For me, that excellent quarter demonstrates that the company remains a great investment -- similar to Netflix in 2007. So even if the economic weather turns ugly, I plan to batten down the hatches and ride out the storm with a solid hypergrowth stock: Duolingo.

In more challenging times, secure your assets in this cybersecurity stock

Will Healy (Zscaler): Indeed, the economy often influences tech stock performance, and in such times, recession resistance could be the key to protecting one's assets. If a downturn occurs, one of the safer high-growth stocks might be Zscaler, which specializes in cybersecurity for cloud applications, a service every cloud network needs in good times or bad.

The company further stands out with its leadership in zero-trust security. This approach assumes everyone is a potential threat. It then determines access based on factors such as devices, location, or company rank. And even when someone gains entry, it occurs on a limited basis, mitigating the potential damage if an attacker breaches security.

Certainly, cybersecurity is a competitive space, with CrowdStrike Holdings, Palo Alto Networks, Okta, and others competing for many of the same customers. But Grand View Research forecasts the cloud computing market will have a 14% compound annual growth rate through 2030, and other market researchers anticipate faster growth. This should drive heavy demand to secure these networks, increasing the chances that a rising tide will lift all boats.

That secular growth is likely occurring now, as revenue for the first nine months of fiscal 2023 (ended April 30) reached almost $1.2 billion, a 50% surge from the same period in fiscal 2022. Moreover, though the company lost $172 million in the first three quarters of fiscal 2023, that is an improvement over the $293 million lost over the same time in 2022.

That loss occurred in conjunction with a stock-based compensation expense of $323 million over the last nine months. Also, the $1.59 billion in revenue projected for fiscal 2023 is a 46% yearly increase, representing a slight growth slowdown if that projection holds.

Still, Zscaler's price-to-sales (P/S) ratio of 13 is not far above its all-time lows. And since rapid revenue growth could lower that sales multiple over time, it reduces the likelihood the stock will experience a substantial decline. Hence, as cloud adoption continues and customers look to protect their networks, it should bode well for the cybersecurity stock's investors regardless of the overall economy.

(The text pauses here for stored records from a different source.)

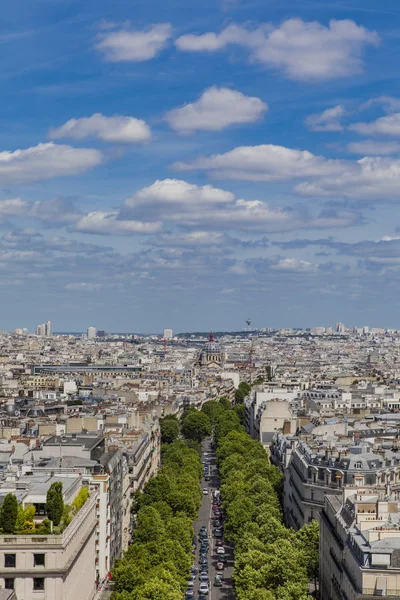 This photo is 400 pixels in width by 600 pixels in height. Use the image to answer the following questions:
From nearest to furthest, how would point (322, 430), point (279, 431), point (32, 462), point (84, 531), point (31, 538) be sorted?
point (31, 538)
point (84, 531)
point (32, 462)
point (322, 430)
point (279, 431)

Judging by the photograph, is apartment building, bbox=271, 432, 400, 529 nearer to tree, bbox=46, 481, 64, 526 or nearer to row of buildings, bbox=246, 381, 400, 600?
row of buildings, bbox=246, 381, 400, 600

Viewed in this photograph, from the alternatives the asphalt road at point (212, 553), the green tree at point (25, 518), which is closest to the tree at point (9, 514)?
the green tree at point (25, 518)

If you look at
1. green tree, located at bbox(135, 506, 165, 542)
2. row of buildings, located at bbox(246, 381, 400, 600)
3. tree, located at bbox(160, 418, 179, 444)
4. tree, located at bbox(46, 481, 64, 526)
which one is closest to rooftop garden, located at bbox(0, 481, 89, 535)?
tree, located at bbox(46, 481, 64, 526)

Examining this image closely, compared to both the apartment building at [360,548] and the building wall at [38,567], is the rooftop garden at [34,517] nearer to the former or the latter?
the building wall at [38,567]

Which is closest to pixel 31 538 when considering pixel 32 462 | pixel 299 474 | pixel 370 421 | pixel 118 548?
pixel 32 462

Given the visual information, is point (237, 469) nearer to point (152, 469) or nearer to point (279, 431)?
point (152, 469)

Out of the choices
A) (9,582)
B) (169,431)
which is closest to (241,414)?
(169,431) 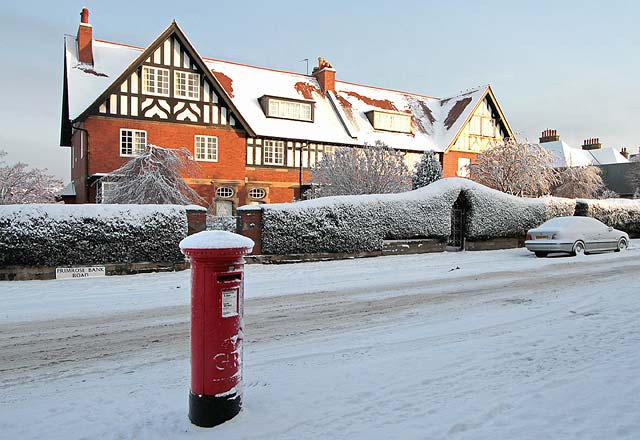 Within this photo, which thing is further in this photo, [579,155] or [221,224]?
[579,155]

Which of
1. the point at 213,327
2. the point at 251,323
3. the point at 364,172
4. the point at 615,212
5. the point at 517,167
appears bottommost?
the point at 251,323

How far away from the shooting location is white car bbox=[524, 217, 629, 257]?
1712 centimetres

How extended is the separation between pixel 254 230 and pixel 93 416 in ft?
38.5

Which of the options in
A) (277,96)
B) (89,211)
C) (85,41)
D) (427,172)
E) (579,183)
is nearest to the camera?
(89,211)

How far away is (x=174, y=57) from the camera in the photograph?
90.7 feet

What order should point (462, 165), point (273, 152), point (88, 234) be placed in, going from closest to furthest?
point (88, 234)
point (273, 152)
point (462, 165)

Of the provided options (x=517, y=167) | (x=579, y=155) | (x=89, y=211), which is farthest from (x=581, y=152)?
(x=89, y=211)

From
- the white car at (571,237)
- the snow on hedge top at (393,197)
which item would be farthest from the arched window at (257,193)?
the white car at (571,237)

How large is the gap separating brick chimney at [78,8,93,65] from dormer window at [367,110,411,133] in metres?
18.1

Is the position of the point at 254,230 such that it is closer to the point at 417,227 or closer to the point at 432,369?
the point at 417,227

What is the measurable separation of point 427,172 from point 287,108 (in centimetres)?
1137

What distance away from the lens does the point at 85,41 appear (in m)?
28.5

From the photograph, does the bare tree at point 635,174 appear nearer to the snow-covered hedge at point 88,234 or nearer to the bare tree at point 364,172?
the bare tree at point 364,172

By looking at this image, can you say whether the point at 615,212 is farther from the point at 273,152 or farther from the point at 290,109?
the point at 290,109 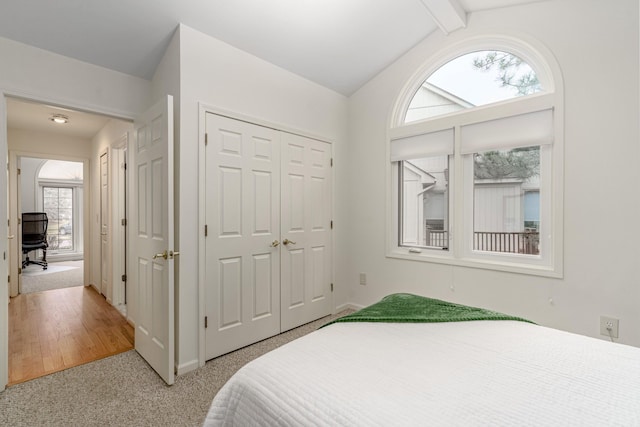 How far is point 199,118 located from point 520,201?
2703 millimetres

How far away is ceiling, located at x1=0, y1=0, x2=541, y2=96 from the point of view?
6.49ft

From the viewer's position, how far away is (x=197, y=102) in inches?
90.0

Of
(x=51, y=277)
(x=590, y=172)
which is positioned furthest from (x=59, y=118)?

Monday.com is a work OS, which you don't easily get rid of

Justin Pope (Monday.com): What happens during tough times? Companies tighten their belts and look for places to cut costs; only the most important assets are safe. That should play nicely into Monday.com's hand when the next recession arrives.

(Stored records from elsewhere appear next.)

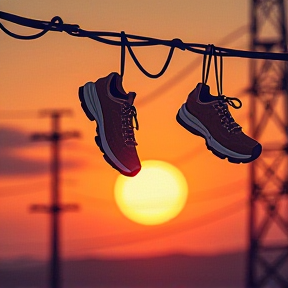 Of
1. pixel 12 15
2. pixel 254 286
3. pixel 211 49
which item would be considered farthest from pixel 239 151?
pixel 254 286

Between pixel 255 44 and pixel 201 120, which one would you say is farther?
pixel 255 44

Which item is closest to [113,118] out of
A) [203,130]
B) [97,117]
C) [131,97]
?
[97,117]

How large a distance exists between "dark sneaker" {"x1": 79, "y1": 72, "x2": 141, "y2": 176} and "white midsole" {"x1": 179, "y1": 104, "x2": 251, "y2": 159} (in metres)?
0.54

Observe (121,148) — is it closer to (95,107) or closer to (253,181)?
(95,107)

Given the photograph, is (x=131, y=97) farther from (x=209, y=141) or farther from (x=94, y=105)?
(x=209, y=141)

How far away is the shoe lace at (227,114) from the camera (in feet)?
30.5

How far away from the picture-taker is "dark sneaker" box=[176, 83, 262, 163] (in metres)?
9.18

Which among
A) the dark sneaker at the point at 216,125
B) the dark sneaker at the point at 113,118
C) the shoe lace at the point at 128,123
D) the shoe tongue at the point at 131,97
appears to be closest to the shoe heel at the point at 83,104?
the dark sneaker at the point at 113,118

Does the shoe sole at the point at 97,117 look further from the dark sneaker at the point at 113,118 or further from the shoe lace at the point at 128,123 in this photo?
the shoe lace at the point at 128,123

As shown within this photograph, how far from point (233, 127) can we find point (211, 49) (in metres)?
0.63

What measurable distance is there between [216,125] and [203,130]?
0.11 metres

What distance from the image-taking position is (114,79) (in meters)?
8.96

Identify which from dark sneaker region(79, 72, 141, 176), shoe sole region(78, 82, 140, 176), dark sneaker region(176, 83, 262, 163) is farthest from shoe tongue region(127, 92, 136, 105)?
dark sneaker region(176, 83, 262, 163)

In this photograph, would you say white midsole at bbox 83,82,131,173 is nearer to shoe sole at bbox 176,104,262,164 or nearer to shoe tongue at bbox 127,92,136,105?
shoe tongue at bbox 127,92,136,105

Monday.com considers itself an operating system (OS) for work; it's a software platform that lets companies build custom dashboards for employees to collaborate and communicate.

One could argue that most companies will want to uproot the system they run their business on to save a few dollars, especially since Monday.com's pricing is largely based on how many people use it. Yet the company has a net revenue retention rate of 115%, signaling that customers typically spend more over time instead.

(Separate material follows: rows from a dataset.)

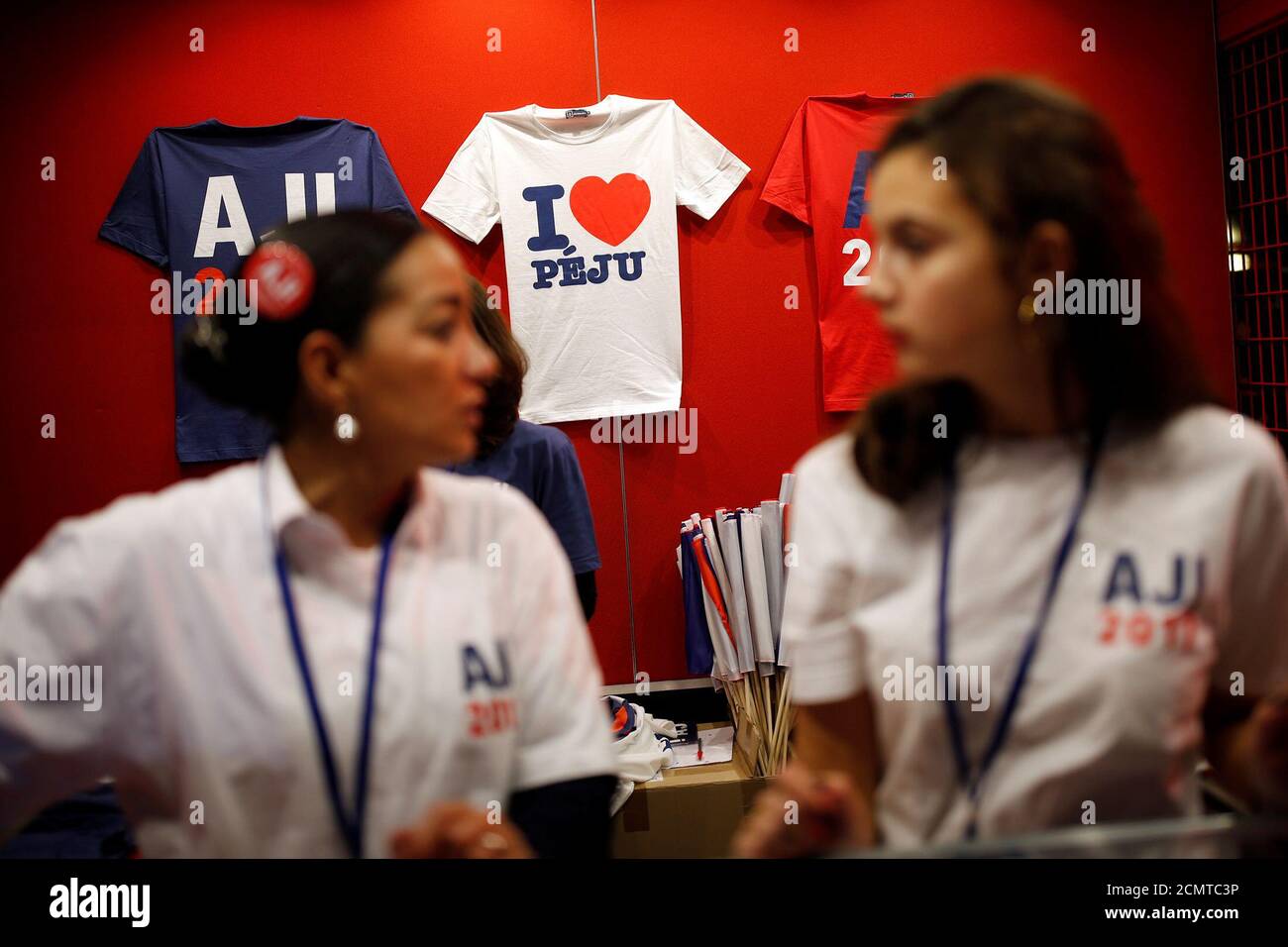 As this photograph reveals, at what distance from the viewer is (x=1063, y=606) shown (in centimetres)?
90

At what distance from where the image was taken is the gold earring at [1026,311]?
85cm

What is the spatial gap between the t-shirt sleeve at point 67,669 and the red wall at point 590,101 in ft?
0.71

And to see just how resilient Monday.com can be in a recession, look at its financials. The business had operated at near break-even free cash flow since going public, and it began growing in 2023.

The company is at the point where revenue will grow faster than expenses, resulting in rapidly increasing cash flow. And Monday.com has zero debt and more than $900 million in cash if the business stumbles. In other words, there is a strong financial safety net shareholders can fall back on.

MNDY Free Cash Flow Chart

MNDY Free Cash Flow data by YCharts. TTM = trailing 12 months.

Meanwhile, Monday.com is still growing; analysts believe annual revenue growth will exceed 20% through the decade's end. This is no moon-shot stock that is as likely to fail as it is to succeed. Monday.com is a business firing on all cylinders, with impressive financial strength, and the stock should grow and protect your money over the coming years.